Our Responsorial Psalm is drawn from Psalm 119, a magnificent song of praise for God’s Law given to the Jewish people and also handed on to us Christians. “I will keep your law continually,” we hear, “I will lift up my hands to your commands and meditate on your statutes.”

St. Paul, in his letter to the Galatians, and Jesus, in Luke’s Gospel, are less admiring of the Law. “If you have yourselves circumcised,” St. Paul says, “Christ will be of no benefit to you.” Jesus criticizes the Pharisee at dinner with him for “observing the prescribed washing before the meal” and other legal rituals but not living by the spirit of the Law. “Inside you are filled with plunder and evil,” Jesus says to the Pharisee. I can imagine that Jesus’ evening at the Pharisee’s house did not last much longer after Jesus’ harsh words.

Why, though, do we hear this apparent inconsistency between our Psalm on one hand and our first reading and Gospel reading on the other?

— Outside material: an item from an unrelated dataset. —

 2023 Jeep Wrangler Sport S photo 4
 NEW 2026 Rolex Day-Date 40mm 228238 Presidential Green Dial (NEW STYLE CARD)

I invite us to be cautious not to read into Galatians or Luke’s Gospel that St. Paul or Jesus considered the Jewish law, the Law of Moses, to be no longer important in light of Jesus Christ; that the teaching of Jesus and Apostles like St. Paul had taken over the significance of the now-abolished Jewish law. Neither Jesus nor St. Paul say that the Jewish Law is insignificant or has been superseded by Jesus’ own teaching. After all, both Jesus and St. Paul were Jews, obedient to the spirit of the Law of Moses.

The Law, whether the Law of Moses or the laws and rituals of our own Catholic Church, are to be respected and obeyed insofar as they lead us closer to God; insofar as they free us for love of one another and for God. This is the kind of obedience for the Law reflected today in the words of St. Paul, of our Psalm, and of Jesus alike.

For St. Paul, circumcision versus non-circumcision is a non-issue; this is a controversy manufactured by the Galatians whom he corrects. For Jesus, the ritual washing of vessels or not in and of itself is unimportant. Both St. Paul and Jesus ask the question: How do our legal and ritual observances lead us to God; lead us to act in a God-like manner, or not? If not, both circumcision and non-circumcision become empty gestures. On the one hand, is it not possible to wash the vessels ritually but “inside” one’s heart be “filled with plunder and evil”? Is it not possible to follow laws to the letter and yet be ungodly; lacking in love?

If we observe laws, religious or otherwise, in a Godly, loving spirit, then by all means let us join in the praise of the Psalmist for God and God’s Law: “I will keep your law continually… lift up my hands to your commands and meditate on your statutes.”